[Records contained in a dataset]
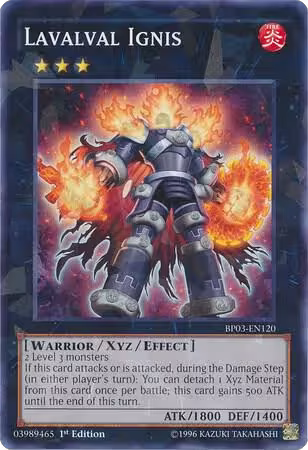 Lavalval Ignis (Shatterfoil) (BP03-EN120), Battle Pack 3: Monster League — Yu-Gi-Oh! card price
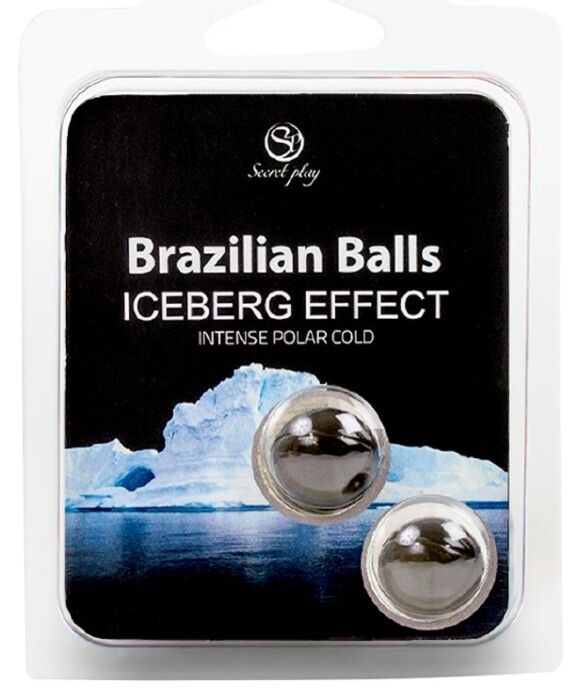 Brazilian Balls SECRETPLAY mit Eisberg-Effekt für intensive Empfindungen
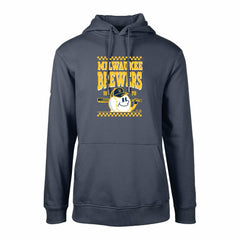 Milwaukee Brewers Levelwear Podium Inaugural Pullover Hoodie - Navy - MLB Lifestyle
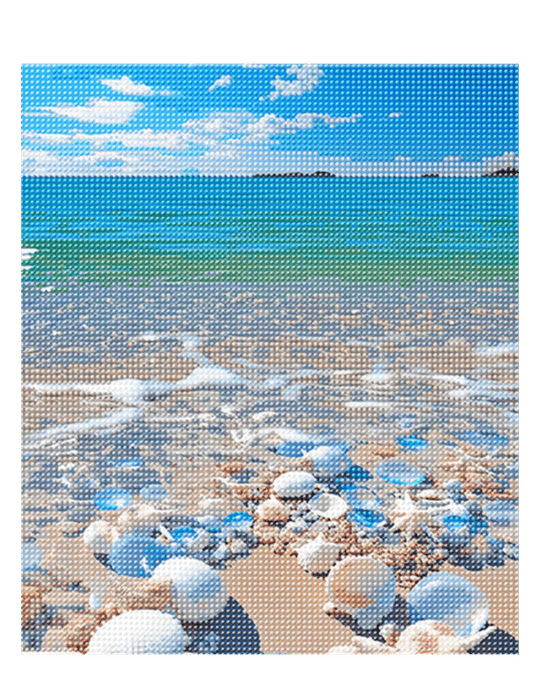Seashell Beach Diamond Painting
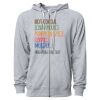 Icon Unisex Lightweight Loopback Terry Full-Zip Hooded Sweatshirt Thumbnail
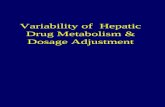 Variability of Hepatic Drug Metabolism & Dosage Adjustment.
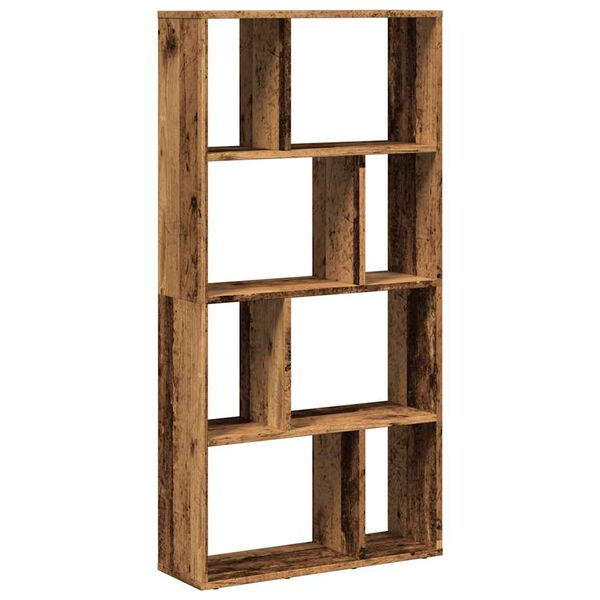 vidaXL Biblioth&egrave;que vieux bois 60x20x120,5 cm bois d'ing&eacute;nierie
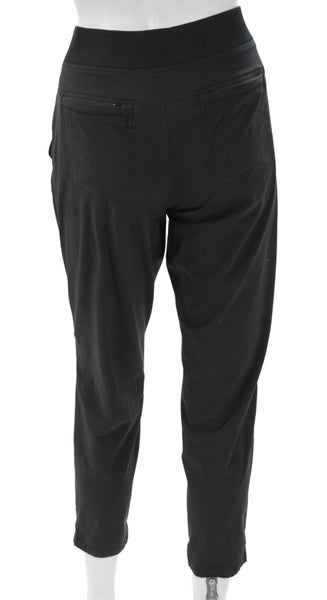 Athleta Women Jogger Pants Black Drawstring Polyester Blend Size 4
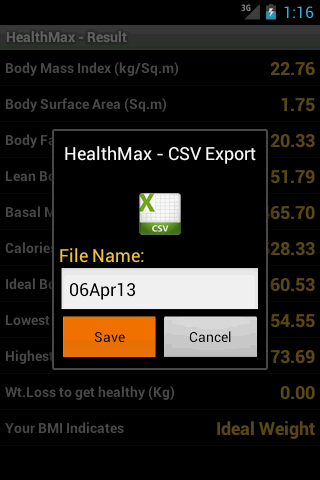 HealthMax - Health Calculator截图4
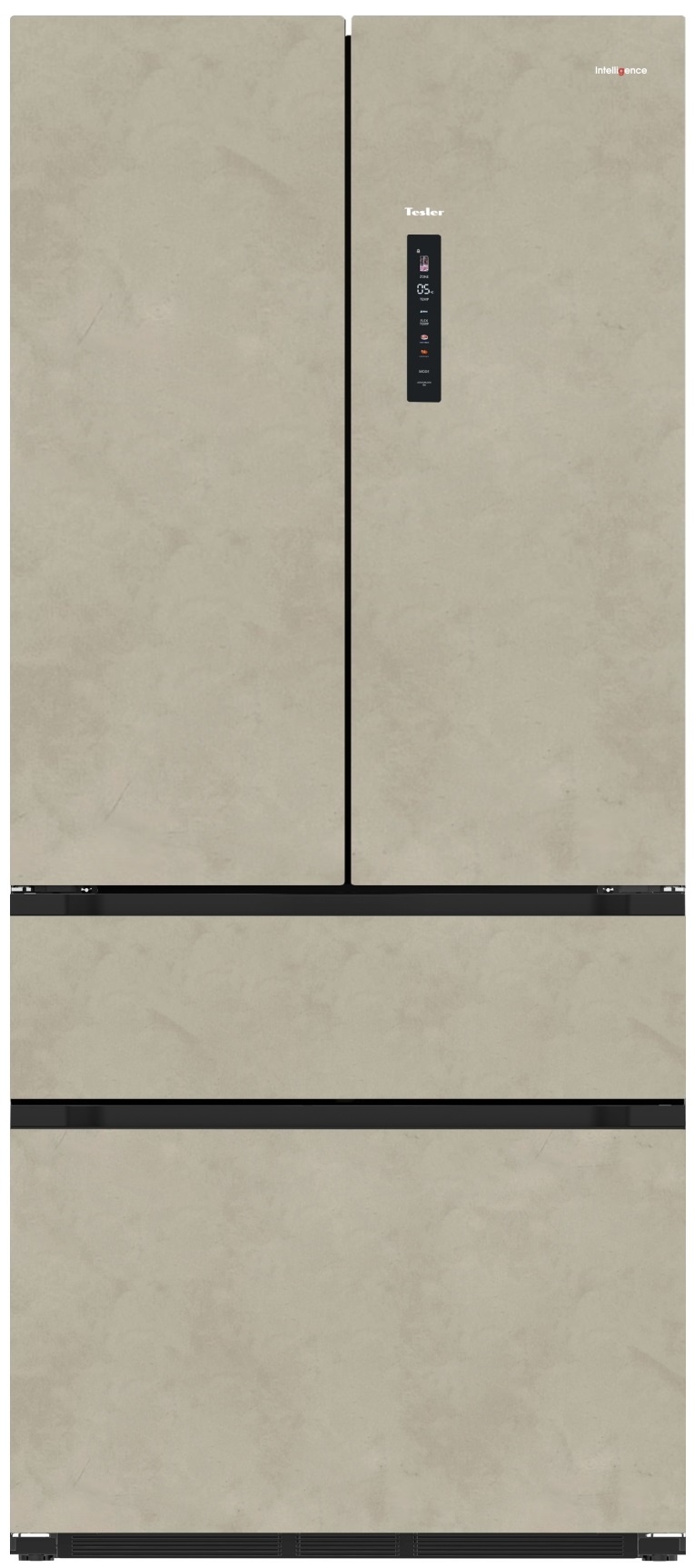 Холодильник TESLER RFD-517BI MARBLE BEIGE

- **Work item**:
Drop every picture, then write out the remaining entries above exactly as they appear.

- **Solved exercise**:
 Lavalval Ignis (Shatterfoil) (BP03-EN120), Battle Pack 3: Monster League — Yu-Gi-Oh! card price
 Brazilian Balls SECRETPLAY mit Eisberg-Effekt für intensive Empfindungen
 Milwaukee Brewers Levelwear Podium Inaugural Pullover Hoodie - Navy - MLB Lifestyle
Seashell Beach Diamond Painting
 Icon Unisex Lightweight Loopback Terry Full-Zip Hooded Sweatshirt Thumbnail
 Variability of Hepatic Drug Metabolism & Dosage Adjustment.
 vidaXL Biblioth&egrave;que vieux bois 60x20x120,5 cm bois d'ing&eacute;nierie
 Athleta Women Jogger Pants Black Drawstring Polyester Blend Size 4
 HealthMax - Health Calculator截图4
 Холодильник TESLER RFD-517BI MARBLE BEIGE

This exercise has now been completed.